Begin with Janis Lewin's "The Aftermath (9/11)." You may feel as if you've seen all the 9/11 images you can take, but Lewin's photographs are emotional without being manipulative, and they have truths to tell about New York City specifically and about collective grief more generally.
Move from there into the exuberance of "Subjectivity: Photography of Themselves," a roundup of works by contemporary photographers who use themselves as subjects. After the sobering experience of "Aftermath" -- a visual reminder of the too-recent times when people wondered aloud what role art could play -- it's a balm to see artists asking questions about the world and our place in it, asserting themselves in ways comforting and discomforting.
Arno Rafael Minkkinen, a Finnish photographer whose work here spans from 1973 to 1990, incorporates his body into his compositions as if he's part of the landscape or the furniture. His skinny frame is unmistakable, its presence a gently comical but slightly defiant gesture, a kind of physical "Kilroy was here."
Atlanta-born photographer Anthony Goicolea, at 31 the youngest in the group, evokes the violent confusion of male adolescence in disturbing montages that look like they might be stills from an Eastern European version of Lord of the Flies.
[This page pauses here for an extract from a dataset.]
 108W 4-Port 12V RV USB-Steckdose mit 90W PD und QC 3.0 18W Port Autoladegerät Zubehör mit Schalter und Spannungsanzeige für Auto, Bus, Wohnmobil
And Zhao Bandi, from Beijing, combines deadly serious public-service messages about drugs, violence and AIDS with deliberately stagy, over-the-top images starring himself and a stuffed panda; the titles, which give the impression of having been directly and badly translated from Chinese, include "Is there anything more terrible than Me? It's DRUG!"
Climb the stairs and watch the video installations of European art star Pipilotti Rist. There are two in the first room, both on TVs. In I'm Not the Girl Who Misses Much, which dates from 1986, a blurry Rist dances around maniacally, her hair wild, her breasts spilling out of her black dress. Both the images and the soundtrack -- Rist singing the beginning of the Beatles' "Happiness Is a Warm Gun," followed by a snatch of John Lennon's version -- speed up and slow down. Mostly they are so crazy-fast that Rist sounds like one of the Chipmunks, and her herky-jerky movements begin to look involuntary, as if she's trapped in a masochistic exercise routine. Altogether, it's funny and it's sad, and it's hard to stop watching.
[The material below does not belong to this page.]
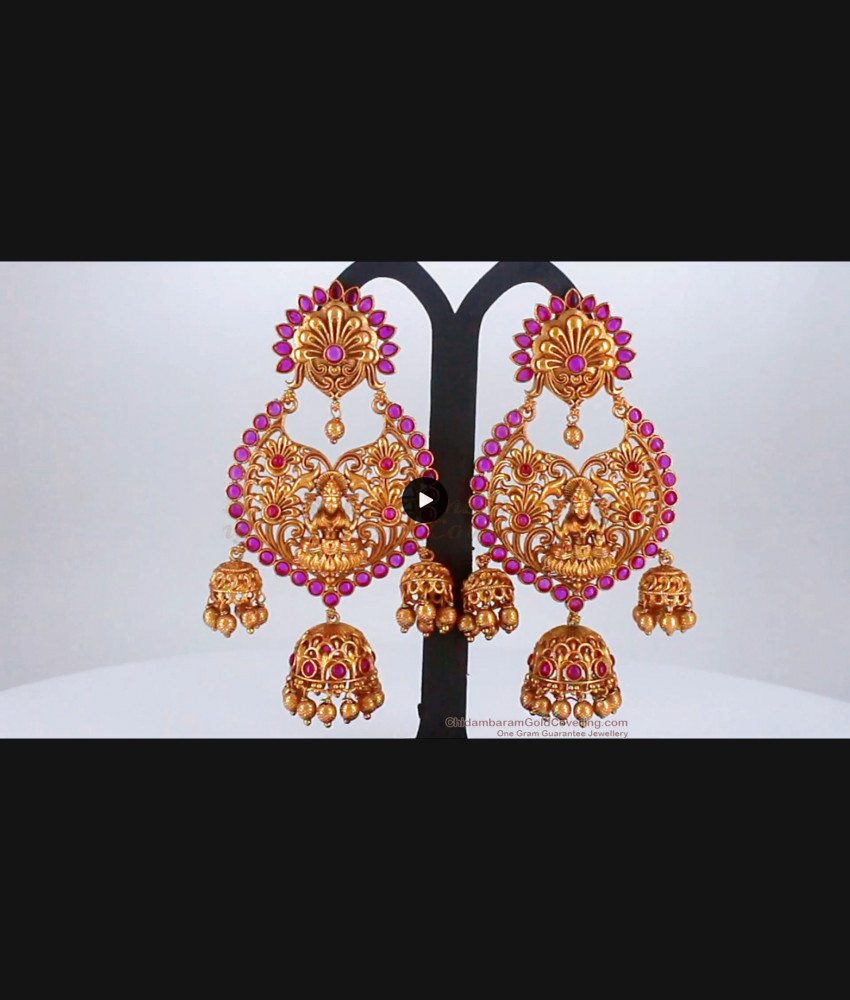 Very Big Beautiful Antique Nagas Lakshmi Chandbali Gold Earrings Collection ER2282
In Pickelporno, close-up images of a naked man and woman exploring each other are interspersed with vivid shots of fruit and flowers to create an organic, orgasmic experience. Rist presents the body itself as a landscape, reminding the viewer that sex is natural in the literal sense. (Do not be alarmed if you find yourself humming the George Michael riff, "Sex is natural, sex is good; not everybody does it, but everybody should," some hours afterward.)
Walk next door into Sip My Ocean, Rist's lush, underwater dream set to the haunting Chris Isaak song "Wicked Game." Again, it's Rist singing, while on two walls we see mirror images of bodies swimming, underwater landscapes merging, and domestic objects -- a china teacup, a metal pitcher -- sinking into the sea's sandy bed. You can sit on the floor or lean against the wall, or even dance through the projection making shadows, but stay awhile and watch. If you've seen the Chris Isaak video for "Wicked Game," think about how it was filmed on a tropical beach and starred a supermodel pretending to be in love (or lust -- what's the difference in most standard music videos?) with Isaak. Then think about the fact that Rist's version takes place beneath the water's surface, and listen for the distant, powerful little voice that screams along with the song's refrain.
Later, walk upstairs to see "Ideas About Time," an exhibition of photographs by ASU professor Mark Klett. Many of the images here -- a toy horse branded with ballpoint ink, a warped LP impaled on a branch in the desert -- ask us to look at the traces we leave behind, and to consider what those traces say about who we are. It's an especially fitting lens through which to view both "Subjectivity" and Rist's sly, passionate work.